En la literatura que figura en el sitio de internet del Comisionado de Comercio Internacional de la UE, se jerarquiza como gran éxito el haber incorporado la versión del principio precautorio adoptada en el proyecto de Acuerdo birregional UE-Mercosur de junio de 2019 el que, como es público, fue reabierto en forma unilateral por las autoridades comunitarias (ver mis anteriores columnas).

Lamy siquiera se privó de señalar que el principio precautorio permite eludir sin esfuerzo la necesidad de otorgar trato especial y diferenciado hacia los países en desarrollo. Al ser una norma unilateral cualitativa y preventiva, no está sujeta a las distintas disciplinas, escalas de preferencia arancelarias u otras obligaciones prescriptivas de alta complejidad. Una restricción por emergencias como la pandemia otorga el derecho de cerrar el mercado sin dar grandes explicaciones y es una medida que no exige dar trato especial por nivel de desarrollo al país afectado.

Pero estos no fueron los únicos puntos del debate.

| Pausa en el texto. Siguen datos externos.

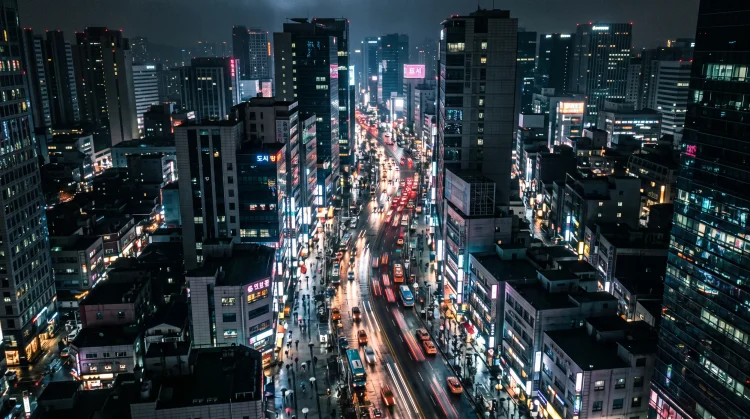 A cinematic conceptual view of a neon-lit urban street at night representing a modern city.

Afortunadamente en el caso del IFPRI también participó el colega Joseph Glauber, investigador senior de esa agencia anfitriona, quien recordó que los subsidios estadounidenses a la agricultura habían quintuplicado en los últimos tiempos el nivel legalmente autorizado que se certificara en la Ronda Uruguay del GATT.

Lamy inclusive se prodigó en otras observaciones que pueden cautivar a los auditorios que carecen de adecuada preparación. Por ejemplo cuando señaló que las economías de mercado deben reforzar las normas de defensa de la competencia contra los persistentes abusos de ciertas naciones del Asia (China entre ellas), lo que resulta lógico y necesario si Bruselas no desconoce las reglas de los Acuerdos de la OMC sobre ambas disciplinas y Beijing insiste en desafiar la ley de gravedad.

Para muchos suena a mercantilismo clase Donald Trump, la bolsa de comentarios del Euro-Parlamento por los crecientes déficits bilaterales con el mercado chino, una tendencia que sólo empeoró tras la sinuosa firma del Acuerdo bilateral de Comercio e Inversión. Uno espera que el Viejo Continente no adhiera al torpe criterio de la reciprocidad automática cuando se debate la competitividad y no caiga en el disparate de crear su propio EU first (Europa primero).

Durante las charlas, Pascal tampoco olvidó los vínculos difíciles que hay entre la UE y China en los tiempos que corren. Nadie duda las dificultades que supone convivir con la potencia asiática que hoy es el mayor trader del planeta y no escatima bravatas de país en desarrollo.

Confieso que el escuchar a Lamy evoqué la escena protagonizada años atrás por las empresas tabacaleras al recibir el veredicto de culpabilidad que se asignara a la deliberada promoción del vicio de fumar. En ese momento sus ejecutivos sopesaron la posibilidad de lanzar campañas positivas para remontar el bajón anímico de las empresas. Al escuchar semejante propuesta, un publicitario le mostró a su colega un irónica nota que decía ¿qué te parece si ensamblamos la nueva publicidad bajo el lema “el cáncer es bueno para su salud”?.

Nota de la Redacción: El autor es diplomático y periodista.